Börsenlexikon
Der Devisenmarkt ist der globale Finanzmarkt, auf dem Währungen gegeneinander gekauft und verkauft werden – der mit dem größten Handelsvolumen aller Finanzmärkte.
Auf dem Devisenmarkt (auch Forex- oder FX-Markt genannt) werden Währungspaare notiert, etwa EUR/USD. Der Kurs zeigt, wie viele Einheiten der Gegenwährung (USD) eine Einheit der Basiswährung (EUR) kostet. Notiert EUR/USD bei 1,10, kostet 1 Euro 1,10 US-Dollar.
Der Devisenmarkt ist dezentral organisiert: Es gibt keine zentrale Börse wie bei Aktien. Stattdessen handeln Banken, Versicherungen, Hedgefonds und Privatanleger über elektronische Netzwerke direkt miteinander. Der Handel läuft täglich 24 Stunden ab, da sich die Handelszeiten der großen Finanzzentren (Tokio, London, New York) überlappen. Das Volumen ist enorm: Der durchschnittliche tägliche Umsatz liegt in der Größenordnung von Billionen Dollar.

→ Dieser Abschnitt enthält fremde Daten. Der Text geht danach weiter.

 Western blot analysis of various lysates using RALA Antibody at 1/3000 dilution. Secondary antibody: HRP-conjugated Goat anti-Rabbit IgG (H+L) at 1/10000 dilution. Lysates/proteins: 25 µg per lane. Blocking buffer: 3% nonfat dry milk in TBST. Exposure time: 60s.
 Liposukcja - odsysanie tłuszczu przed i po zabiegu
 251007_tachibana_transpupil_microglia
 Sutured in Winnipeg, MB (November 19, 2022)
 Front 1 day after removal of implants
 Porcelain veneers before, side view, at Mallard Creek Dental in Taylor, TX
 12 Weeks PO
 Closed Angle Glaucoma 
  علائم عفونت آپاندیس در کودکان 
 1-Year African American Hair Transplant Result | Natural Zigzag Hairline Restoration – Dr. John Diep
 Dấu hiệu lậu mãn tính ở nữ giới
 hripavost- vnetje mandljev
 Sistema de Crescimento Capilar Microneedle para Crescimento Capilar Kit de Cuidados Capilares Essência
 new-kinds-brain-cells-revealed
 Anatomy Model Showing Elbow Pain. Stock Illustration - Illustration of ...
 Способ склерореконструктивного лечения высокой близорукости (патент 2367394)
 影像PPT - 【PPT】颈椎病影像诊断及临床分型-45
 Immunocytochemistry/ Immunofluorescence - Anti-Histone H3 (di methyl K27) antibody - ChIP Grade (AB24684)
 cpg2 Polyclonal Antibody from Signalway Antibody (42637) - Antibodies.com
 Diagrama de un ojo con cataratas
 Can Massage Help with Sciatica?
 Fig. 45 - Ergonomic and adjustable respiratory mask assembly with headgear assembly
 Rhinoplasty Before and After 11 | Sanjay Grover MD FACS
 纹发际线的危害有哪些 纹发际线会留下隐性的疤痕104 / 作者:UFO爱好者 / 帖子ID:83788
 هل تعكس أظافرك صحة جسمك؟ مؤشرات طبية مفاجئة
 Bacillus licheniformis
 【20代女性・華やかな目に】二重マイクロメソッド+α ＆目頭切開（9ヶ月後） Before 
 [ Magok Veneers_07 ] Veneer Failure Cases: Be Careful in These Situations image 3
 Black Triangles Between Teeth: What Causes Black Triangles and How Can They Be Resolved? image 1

Für Privatanleger ist der Devisenmarkt auf mehreren Ebenen relevant. Erstens: Wer international anlegt – etwa in US-amerikanische Aktien oder japanische Anleihen – ist automatisch Devisenrisiken ausgesetzt. Ein Anleger, der 10.000 Euro in eine US-Aktie investiert, muss diese Euros zunächst in Dollar umwechseln. Steigt der Dollar danach um 5 Prozent gegenüber dem Euro, gewinnt die Position durch den Wechselkurs, unabhängig von der Aktienentwicklung.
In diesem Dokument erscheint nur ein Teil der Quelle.